Just days after Trump was warned about the anti-Semitic implications of a speech alleging a globalist conspiracy, his campaign ran an ad showing images of three Jews—the billionaire philanthropist George Soros; the then-chair of the Federal Reserve, Janet Yellen; and Goldman Sachs CEO Lloyd Blankfein. In the voice-over, Trump said, “The establishment has trillions of dollars at stake in this election. For those who control the levers of power in Washington and for the global special interest, they partner with these people that don’t have your good in mind.” That line about “the levers of power,” whatever his intentions, was darkly reminiscent of the Protocols of the Elders of Zion.

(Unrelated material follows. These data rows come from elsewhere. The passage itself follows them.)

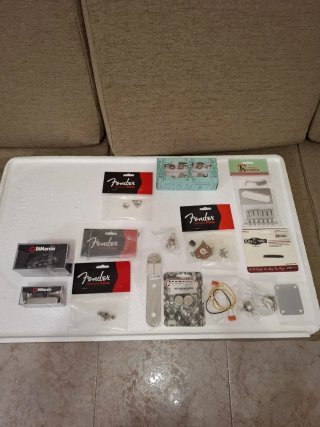Kit de guitarra Tele caster todo Rosewood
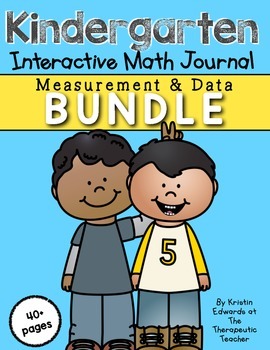 Preview of Kindergarten Interactive Math Journal {Measurement & Data BUNDLE}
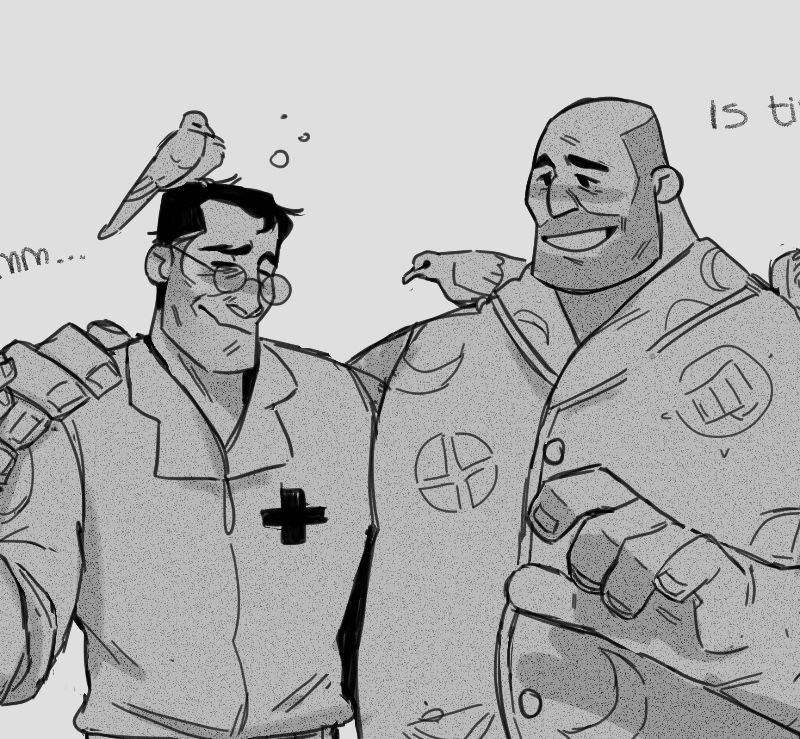 heavy and medic [tf2]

After Trump became president, the situation did not improve. The so-called alt-right, which includes anti-Semitic groups, was pleased to see the head of their preferred platform, Breitbart News, have a seat in the Oval Office through adviser Steve Bannon. In January 2017, the White House’s official message on Holocaust Remembrance Day did not mention Jews or anti-Semitism. The worst moment occurred when Trump refused to come down hard and decisively against the neo-Nazis who marched in Charlottesville, Virginia, in August 2017 chanting, “The Jews will not replace us!”

In recent weeks, the president has used Soros—increasingly a boogeyman in anti-Semitic conspiracy circles—as a major foil. During Supreme Court Justice Brett Kavanaugh’s contentious confirmation hearings, he tweeted out a message claiming that the opposition to his nominee was being “paid for by Soros and others.”

It’s not just the head of the Republican Party who’s crossing the line. A Republican congressional candidate in Illinois, Arthur Jones, once called the Holocaust an “international extortion racket.” The National Republican Congressional Committee released an ad in Minnesota that depicts Soros as a puppet master, standing over piles of cash, causing social unrest and “owning” Democrat Dan Feehan.

More generally, Trump and the GOP’s hard-line anti-immigration policies plug into a long history of white nationalism. By fanning the flames of one form of hatred, nativist xenophobia, they unintentionally but no less inevitably fan the flames of anti-Semitism as well.

In this environment, it’s no surprise that the number of reported anti-Semitic incidents increased by 57 percent in 2017, according to the Anti-Defamation League. From January to September 2018, 50 anti-Semitic attacks were reported in Pittsburgh, according to the Pittsburgh Jewish Chronicle. Two new studies, one by the Anti-Defamation League and another by the Columbia University professor Jonathan Albright, found that the number of anti-Semitic posts have increased on Instagram and Twitter. One frequent target has been the Hebrew Immigrant Aid Society, or HIAS, which has been lobbying for the admission of refugees. Connecting the dots between his pathologies, hours before the shooting, Robert D. Bowers posted online: “HIAS likes to bring invaders in that kill our people. I can’t sit by and watch my people get slaughtered. Screw your optics, I’m going in.”

Some segments of the Jewish community have been silent in the face of these developments, perhaps because they believe that the GOP, and Trump in particular, are strong advocates for Israel and of Benjamin Netanyahu’s government.

After the massacre in Pittsburgh, Trump suggested that American synagogues hire armed guards with assault weapons. Rather than militarizing prayer, Trump should demilitarize his rhetoric. His language has been a kind of ammunition.